The British beef exports banned by the European Commission in 1996 comprised, mostly, two types of commodity: about half a million live dairy calves, shipped annually to Holland and France for fattening as veal, and 300,000 cow carcasses sent to France as manufacturing grade beef.
Press releases from the NFU and other outfits give the impression of continental consumers being denied the right to buy high-quality British sirloin steaks. That trade is almost entirely a myth: a little Scottish beef went to Germany in the '80s, but they stopped buying it commercially, and their government banned it in the early days of the BSE controversy.
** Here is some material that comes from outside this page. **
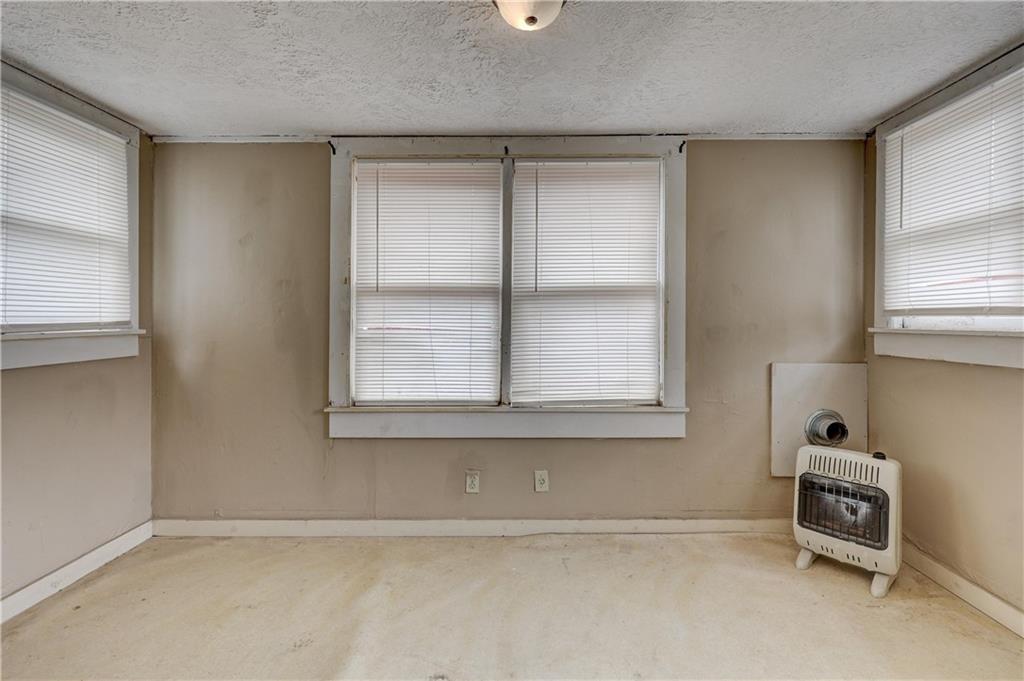 703 N Grand Street Property Photo 28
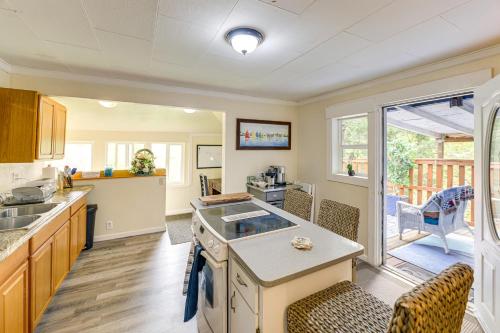 10 Mi to South Beach & Newport: Home w/ Deck! in South Beach (OR)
Exports of quality beef to some other EU states did build up in the late '80s and early '90s. However, this was almost entirely for the catering trades, mainly in Italy. The primary impetus was low price caused by the sterling devaluation of 1992. This competitiveness led to high quality "clean beef" becoming the majority of tonnage shipped for a short time in 1993-94. In 1995, well before the Brussels ban, these exports were already declining as the sterling exchange rate strengthened.